Handling inconsistencies in query results

Troubleshooting tips to handle inconsistencies in query results.

dse.yaml

The location of the dse.yaml file depends on the type of installation:
Package installations /etc/dse/dse.yaml
Tarball installations installation_location/resources/dse/conf/dse.yaml

The DataStax Enterprise Help Center also provides troubleshooting information.

To troubleshoot inconsistencies in query results, consider session stickiness, subrange node repair, and follow best practices for soft commit points on different replica nodes.

DSE Search implements an efficient, highly available distributed search algorithm on top of the database, which tries to select the minimum number of replica nodes required to cover all token ranges, and also avoid hot spots. Consequently, due to the eventually consistent nature of the database, some replica nodes might not have received or might not have indexed the latest updates yet. This situation might cause DSE Search to return inconsistent results (different numFound counts) between queries due to different replica node selections. This behavior is intrinsic to how highly available distributed systems work, as described in the ACM article, "Eventually Consistent" by Werner Vogels. Most of the time, eventual consistency is not an issue, yet DSE Search implements session stickiness to guarantee that consecutive queries will hit the same set of nodes on a healthy, stable cluster, to provide monotonic results. Session stickiness works by adding a session seed to request parameters as follows:

shard.shuffling.strategy=SEED
shard.shuffling.seed=session_id

In the event of unstable clusters with missed updates due to failures or network partitions, consistent results can be achieved by repairing nodes using the DSE OpsCenter Repair Service.

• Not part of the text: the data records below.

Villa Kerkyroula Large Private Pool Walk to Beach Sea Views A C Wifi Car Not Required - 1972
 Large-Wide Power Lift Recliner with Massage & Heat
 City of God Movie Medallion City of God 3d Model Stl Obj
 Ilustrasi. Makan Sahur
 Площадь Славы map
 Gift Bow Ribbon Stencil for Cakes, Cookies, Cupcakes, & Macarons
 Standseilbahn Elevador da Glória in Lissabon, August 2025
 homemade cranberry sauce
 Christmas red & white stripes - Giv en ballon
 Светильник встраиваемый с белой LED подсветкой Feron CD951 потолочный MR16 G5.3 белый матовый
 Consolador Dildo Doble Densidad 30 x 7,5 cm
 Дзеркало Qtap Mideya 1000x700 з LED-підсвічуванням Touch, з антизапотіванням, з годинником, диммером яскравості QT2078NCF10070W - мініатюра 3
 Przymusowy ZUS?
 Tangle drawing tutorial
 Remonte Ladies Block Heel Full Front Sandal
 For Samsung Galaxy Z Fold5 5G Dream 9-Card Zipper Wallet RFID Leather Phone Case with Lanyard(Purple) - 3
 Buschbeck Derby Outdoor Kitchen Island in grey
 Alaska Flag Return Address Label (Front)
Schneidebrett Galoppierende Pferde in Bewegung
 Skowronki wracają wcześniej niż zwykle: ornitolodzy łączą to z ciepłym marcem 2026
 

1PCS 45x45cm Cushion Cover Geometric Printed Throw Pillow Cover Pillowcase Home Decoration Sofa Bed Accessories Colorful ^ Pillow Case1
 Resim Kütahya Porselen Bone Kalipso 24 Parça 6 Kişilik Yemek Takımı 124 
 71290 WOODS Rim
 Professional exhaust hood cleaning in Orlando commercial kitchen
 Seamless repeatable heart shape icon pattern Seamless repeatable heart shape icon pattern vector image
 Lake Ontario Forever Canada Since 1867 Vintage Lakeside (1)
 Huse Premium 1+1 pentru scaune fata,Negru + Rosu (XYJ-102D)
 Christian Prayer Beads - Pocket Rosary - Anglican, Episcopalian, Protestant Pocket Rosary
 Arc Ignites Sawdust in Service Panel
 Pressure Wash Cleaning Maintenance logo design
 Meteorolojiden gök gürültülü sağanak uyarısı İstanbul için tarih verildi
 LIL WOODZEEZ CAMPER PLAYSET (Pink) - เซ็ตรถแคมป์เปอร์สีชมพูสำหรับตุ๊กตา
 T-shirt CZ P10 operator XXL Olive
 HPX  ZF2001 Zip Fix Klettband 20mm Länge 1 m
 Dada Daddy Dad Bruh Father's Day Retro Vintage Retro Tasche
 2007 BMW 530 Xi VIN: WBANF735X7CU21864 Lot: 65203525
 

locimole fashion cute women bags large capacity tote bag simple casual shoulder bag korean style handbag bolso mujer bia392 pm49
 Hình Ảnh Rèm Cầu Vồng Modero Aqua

Finally, another minor source of inconsistencies is caused by different soft commit points on different replica nodes: A given item might be indexed and committed on a given node, but not yet on its replica. This situation is primarily a function of the load on each node. Implement the following best practices:

  • Evenly balance read/write load between nodes
  • Properly tune soft commit time and async indexing concurrency
  • Configure back pressure in the dse.yaml file

For information about multi-threaded asynchronous indexing that uses a back pressure mechanism, see Configuring and tuning indexing performance.

To maximize insert throughput, DSE Search buffers insert requests from the database so that application insert requests can be acknowledged as quickly as possible. However, if too many requests accumulate in the buffer (a configurable setting), DSE Search pauses or blocks incoming requests until DSE Search catches up with the buffered requests. In extreme cases, that pause causes a timeout to the application.